The Murrumbidgee electorate is one of the five electorates for the unicameral 25-member Australian Capital Territory Legislative Assembly. It elected five members at the 2016 ACT election.

History
Murrumbidgee was created in 2016, when the five-electorate, 25-member Hare-Clark electoral system was first introduced for the Australian Capital Territory (ACT) Legislative Assembly, replacing the previous three-electorate, 17-member system.
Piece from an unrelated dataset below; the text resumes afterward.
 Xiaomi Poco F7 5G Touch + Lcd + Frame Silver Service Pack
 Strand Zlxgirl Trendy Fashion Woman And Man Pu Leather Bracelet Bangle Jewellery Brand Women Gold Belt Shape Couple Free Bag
The electorate is named after the Murrumbidgee River which flows through the electorate, with the word "Murrumbidgee" meaning "big water" in the Aboriginal Wiradjuri language.

Location
The Murrumbidgee electorate consists of the Woden Valley suburbs of Chifley, Curtin, Farrer, Garran, Hughes, Isaacs, Lyons, Mawson, O'Malley, Pearce, Phillip, Torrens, the Weston Creek suburbs of Chapman, Duffy, Fisher, Holder, Rivett, Stirling, Waramanga, Weston, the Molonglo Valley suburbs of Coombs, Denman Prospect, Whitlam and Wright, the South Canberra suburbs of Deakin and Yarralumla, and the eastern portion of the Tuggeranong suburb of Kambah.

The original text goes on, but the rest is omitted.